Dovevano esserci i primi tre assessori. Non ci sono.
Doveva esserci una rottura netta con il sistema. I primi segnali raccontano altro.

E soprattutto: doveva esserci una Sicilia rappresentata tutta. Ma Agrigento non c’è.

Dal 25 marzo al 31 marzo: cosa è cambiato?

Il 25 marzo Ismaele La Vardera annunciava con forza:

“Presenterò i primi tre assessori e il logo della lista”

Parole chiare, dirette, che lasciavano intendere una scelta autonoma, fuori dagli schemi dei partiti.

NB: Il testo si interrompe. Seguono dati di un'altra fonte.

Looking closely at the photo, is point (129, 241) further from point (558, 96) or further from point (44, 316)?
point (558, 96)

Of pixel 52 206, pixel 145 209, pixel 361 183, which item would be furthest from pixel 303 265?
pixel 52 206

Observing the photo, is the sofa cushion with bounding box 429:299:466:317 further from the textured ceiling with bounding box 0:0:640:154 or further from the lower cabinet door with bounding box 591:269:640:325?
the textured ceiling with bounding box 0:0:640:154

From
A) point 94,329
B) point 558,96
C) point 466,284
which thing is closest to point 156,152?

Ma il 31 marzo, alla conferenza stampa al Parlamento siciliano, lo scenario cambia completamente:

  • ❌ nessun assessore designato
  • ✅ presentato un comitato tecnico-scientifico
  • ✅ simbolo “Ismaele Presidente”

E soprattutto una frase che pesa politicamente:

“Lascio ai partiti le scelte politiche e gli equilibri di governo”

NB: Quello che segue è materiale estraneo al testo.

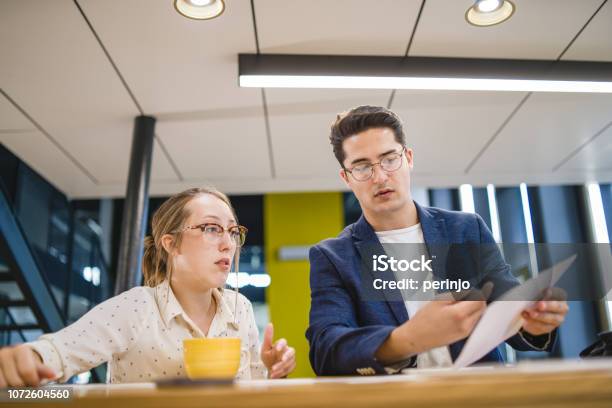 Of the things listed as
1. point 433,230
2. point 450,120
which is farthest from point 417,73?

Il punto politico: primo cambio di linea

È qui che emerge il dato più rilevante.

👉 Un cambio di programma evidente.

Da una proposta autonoma, con una squadra già pronta,
a una posizione che rimette tutto nelle mani dei partiti.

Tradotto:
la rottura annunciata si ridimensiona già al primo passaggio.

E il sospetto è inevitabile:

👉 qualcuno ha già iniziato a “tirare la giacca”.

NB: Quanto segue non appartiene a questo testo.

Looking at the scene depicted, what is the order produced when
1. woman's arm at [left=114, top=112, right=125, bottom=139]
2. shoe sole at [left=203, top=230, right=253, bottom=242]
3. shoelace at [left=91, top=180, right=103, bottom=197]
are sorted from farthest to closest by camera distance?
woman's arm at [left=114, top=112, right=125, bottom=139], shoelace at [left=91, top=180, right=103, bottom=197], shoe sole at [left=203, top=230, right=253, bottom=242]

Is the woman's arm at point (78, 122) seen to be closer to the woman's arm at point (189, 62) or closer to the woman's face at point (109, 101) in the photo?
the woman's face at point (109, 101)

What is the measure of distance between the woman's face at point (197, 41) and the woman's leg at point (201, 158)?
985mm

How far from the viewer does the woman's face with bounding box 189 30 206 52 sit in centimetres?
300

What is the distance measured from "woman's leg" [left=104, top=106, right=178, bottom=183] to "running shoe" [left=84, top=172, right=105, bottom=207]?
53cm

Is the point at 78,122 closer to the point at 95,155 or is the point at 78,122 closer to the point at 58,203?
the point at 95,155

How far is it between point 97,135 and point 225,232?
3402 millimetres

Perché è esattamente così che funziona la politica tradizionale siciliana:
si parte contro il sistema, e poi si finisce dentro gli equilibri del sistema.

Il comitato: nomi importanti, ma senza Agrigento

La Vardera presenta un comitato composto da accademici, medici, professionisti.

Profili di livello, senza dubbio.

Ma c’è un’assenza che grida vendetta:

👉 ZERO rappresentanti della provincia di Agrigento.

Nessuno.

E questo mentre Agrigento:

  • è stata Capitale italiana della Cultura 2025
  • vive emergenze strutturali gravissime
  • esprime professionalità di altissimo livello in ogni settore

Eppure, ancora una volta, viene ignorata.

Agrigento: solo voti, mai rappresentanza?

Il messaggio che passa è chiaro e pesante:

👉 Agrigento serve per prendere voti, non per decidere.

Un film già visto.

Una logica che negli anni ha prodotto:

  • isolamento politico
  • marginalizzazione nelle scelte regionali
  • assenza nei centri decisionali

E oggi, anche nel progetto che si presenta come “nuovo”,
la storia sembra ripetersi identica.

La contraddizione

La Vardera parla di:

  • competenza
  • concretezza
  • nuova era

Ma nei fatti:

  • cambia linea in pochi giorni
  • rimette le scelte ai partiti
  • esclude un intero territorio

👉 È davvero questa la discontinuità?

O siamo davanti all’ennesimo percorso già visto,
dove le parole cambiano ma i meccanismi restano gli stessi?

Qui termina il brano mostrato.